Encore une fois, donc, une histoire de féminin abîmé : comment se construire en tant que femme quand le modèle maternel, instable, ne cesse de tanguer, ne guide pas, ne parvient pas à s’ancrer, trop clivée, prise dans des cycles de maniaco-dépression et navigant entre plusieurs hommes ? Si la première partie du roman constitue une traversée de la forêt de l’enfance et des souvenirs à l’aide des carnets intimes pour faire surgir les blessures enfouies, la deuxième partie, encore plus symbolique, est une exploration de la maison maternelle : descendre au plus profond, dans la cave, pour affronter enfin la mère araignée et se libérer de sa toile.
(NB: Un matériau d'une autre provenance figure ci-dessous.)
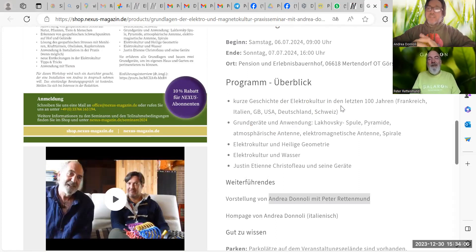We will cover in detail all the basic techniques: Lakowski coil, spiral, geotherapy, pyramids, towers, antenna on water, and sacred geometry — all these topics together in two days, with theory and lots of practical work. Wir schauen uns die Lakowski-Spulen an, die Krafttürme, die sogenannte Geotherapie — wie wir mit unserem Boden arbeiten, damit der sich wieder in eine gesunde Richtung entwickelt. Das Ganze ist wirklich zum Anfassen, Erfahren — viel Praxis, viel mit nach Hause nehmen und umsetzen.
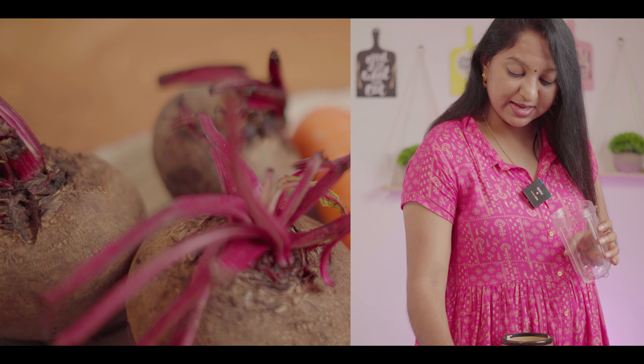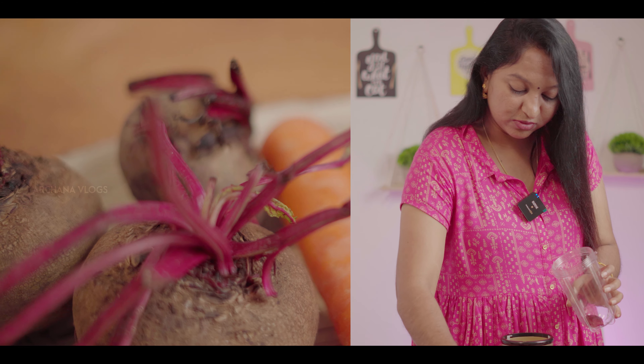This is the ABC juice. These are the ingredients: beetroots, apple, carrot. So we close this. Usually, we put a mid-size jar like this.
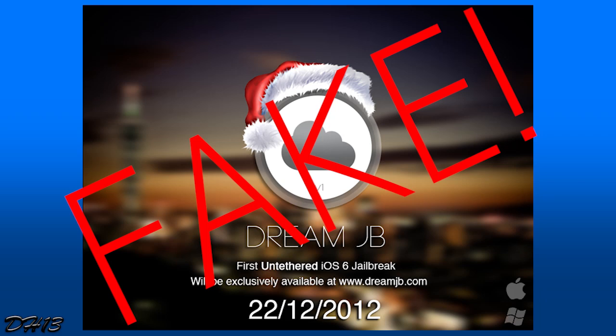Lots of people have been saying it's fake, lots of people have been saying it's real. For a while he's been saying he'd show us proof, and today he gave us what he calls proof. I just call it really good video editing, because it looks pretty real. But there are some spots in the video where you can tell it's clearly fake — he does not have an iOS 6 untethered jailbreak. He uploaded a video today showing how the jailbreak works.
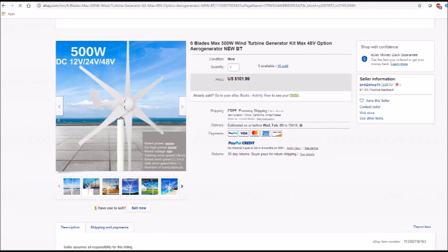This is one of the first turbines that I set up for review. Links to the specific item purchased as well as other pertinent details will be in the description below.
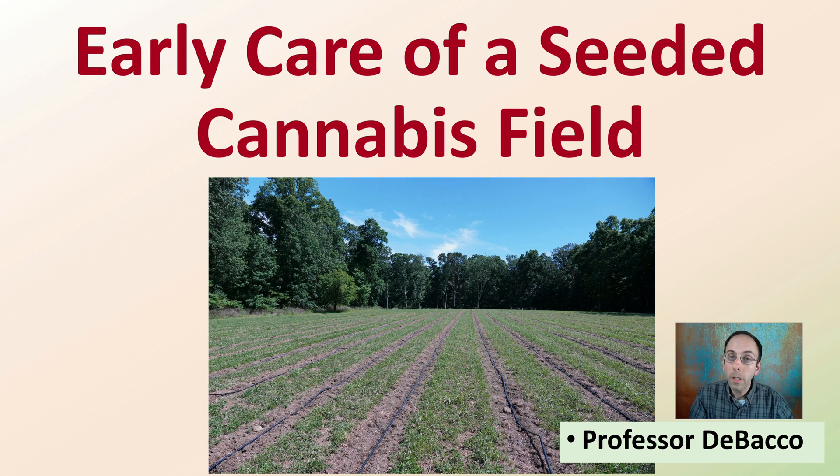Welcome to this Debaco University video investigating early care of seeded cannabis fields. Here we see an example — this looks like just a field with some drip lines, but there are actual cannabis plants planted here with drip irrigation and a living cover down between the rows. Let's investigate some of the details associated with this cannabis field here on Debaco University.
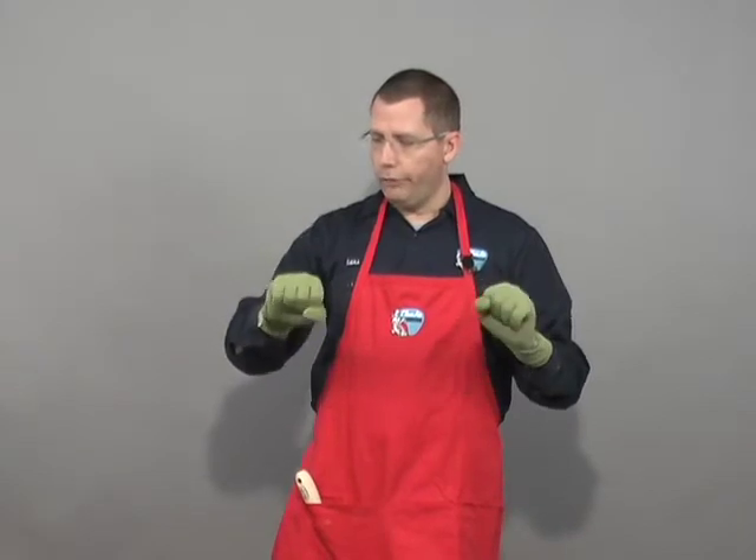But if you're going to do real finer gardening work, where you want to pick up seeds and plant them, or do some weeding where you're picking smaller weeds and you want to be able to feel what you're doing, these gloves are great for that.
Malgré tout, il en ressort un amour infini pour cette mère (dont l’enfance étouffée par la figure paternelle aurait pu être un tout petit peu plus creusée, je pense) pourtant terrifiante et dévorante. Mais pour avancer, il faut aussi, parfois, couper les liens…
Un très beau premier roman, très touchant, parfaitement maîtrisé à la fois sur le plan narratif et sur le plan symbolique : un travail en profondeur sur les mythes (et notamment la mythologie égyptienne) et les schèmes psychanalytiques, sans pour autant être lourd et démonstratif. Très prometteur !
Nous ne sommes pas de mauvaises filles
Valérie NIMAL
Anne Carrière, 2019
Il m’attend !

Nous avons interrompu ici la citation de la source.